Für das Songwriting trug ich die größte Verantwortung, weil wir einen sehr gitarrenlastigen Ansatz verfolgt haben. Ich habe mich dann erinnert, wie es in meiner Jugend war, wenn ich eine neue CD zum ersten Mal angehört habe. Was brachte mich sofort auf Touren, was begeisterte mich vom ersten Augenblick an, weil es so verdammt cool war? Das hat extrem geholfen, uns weiterzuentwickeln. Wenn ich früher ein neues JUDAS PRIEST- oder BLACK SABBATH-Album aufgelegt habe, dachte ich immer: „Wow, das ist ein geniales Riff!“ Und beim nächsten Song wieder: „Wow, noch ein geiles Riff!“ Und das hatten wir immer im Auge, als wir das Album geschrieben haben.

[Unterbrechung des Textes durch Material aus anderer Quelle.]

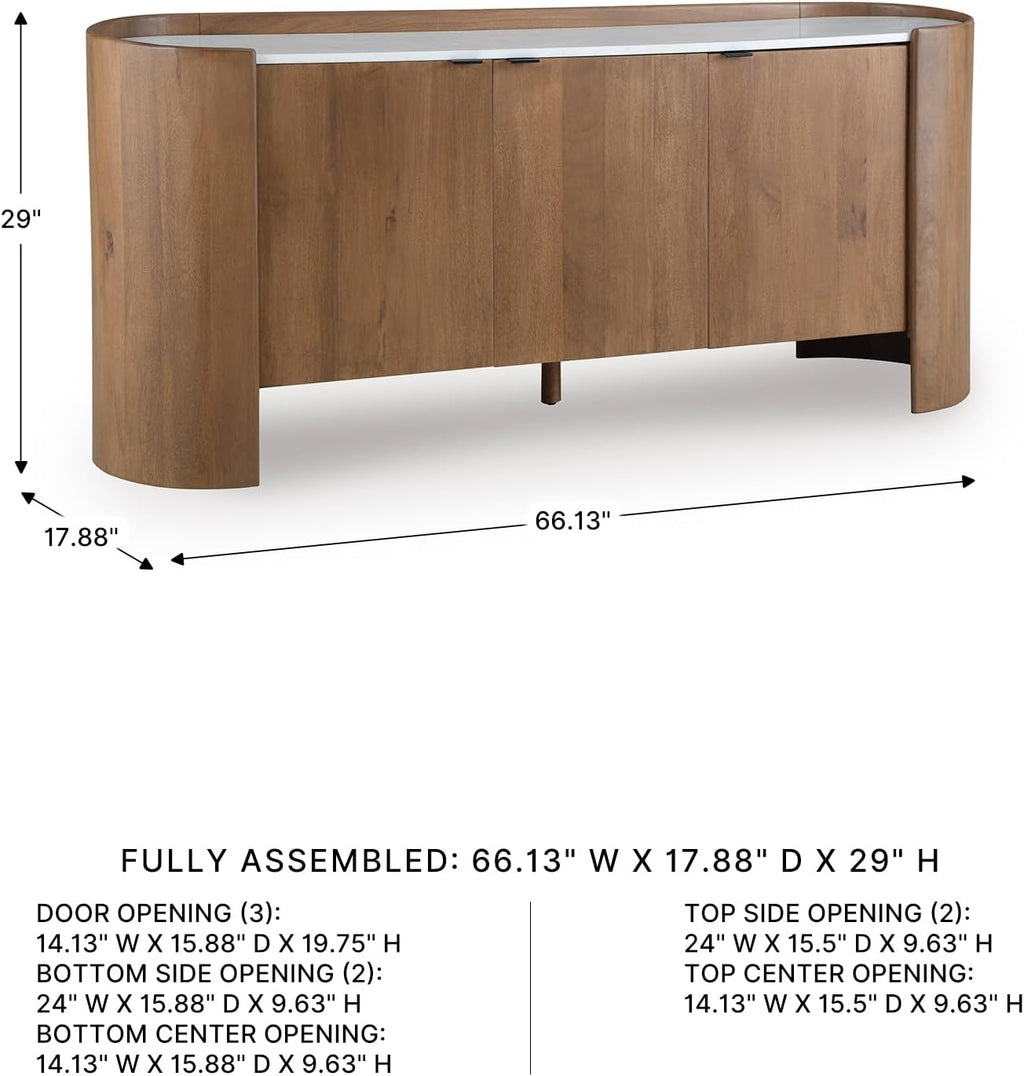 Signature Design by Ashley Fitzroy Accent Cabinet, Contemporary Solid Mango Wood & White Marble Top Sideboard with Anti-Tipping, Soft-Close Doors, Cord Openings, Light Brown & White, 66 Inch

Auf euren früheren Alben habt ihr euch stark von der griechischen Mythologie inspirieren lassen. Mit Miltons Gedicht grabt ihr nicht ganz so weit in der Vergangenheit…

Wir versuchen immer etwas zu finden, dass uns interessiert und inspiriert. Aber wir gehen an die Sache eher von der musikalischen Seite heran. In gewissem Sinne entwickelt sich die Musik wie ein Film. Man versucht mit der Musik ein Bild zu malen. Wir haben uns dann auch für dieses Album nach etwas umgesehen, was uns inspiriert, und haben dann irgendwann angefangen, über „Paradise Lost“ von Milton zu diskutieren und über dieses Himmel-und-Hölle-Thema. Ein Großteil der Musik, die wir schrieben, ging ohnehin in eine sehr düstere Richtung. Deswegen haben wir dieses Thema gewählt und erzählen in den aggressiveren Stücken von Verrat, während es in den ruhigeren Stücken, wie dem Titeltrack, um Unschuld geht. Wir suchen also immer nach etwas, das zur Musik passt und uns gleichzeitig inspiriert.

Fällt es euch leichter, in euren Stücken fiktive Geschichten zu erzählen?

Ich denke, es ist kreativer und bietet mehr künstlerische Möglichkeiten. Ich kann mir nicht vorstellen, von etwas in den Nachrichten dazu inspiriert zu werden, einen Song zu schreiben. Die Wirklichkeit ist manchmal ziemlich brutal und nervt tierisch. Unsere Musik ist für mich eine Möglichkeit, der Realität zu entfliehen. Wir könnten bei einem Stück wie „Paradise Lost“ natürlich über persönliche Erfahrungen sprechen, das steckt dort natürlich auch drinnen. Insofern steckt in unseren Stücken immer auch ein wenig Realität, aber letztlich fällt es immer auf etwas kreativeres, fiktives zurück.

Du hast vorhin erwähnt, dass „The Odyssey“ euer erste Album war, das die Leute in Amerika auf euch aufmerksam gemacht hat. In Europa war das anders, vermutlich weil eure Musik eher den europäischen Geschmack trifft.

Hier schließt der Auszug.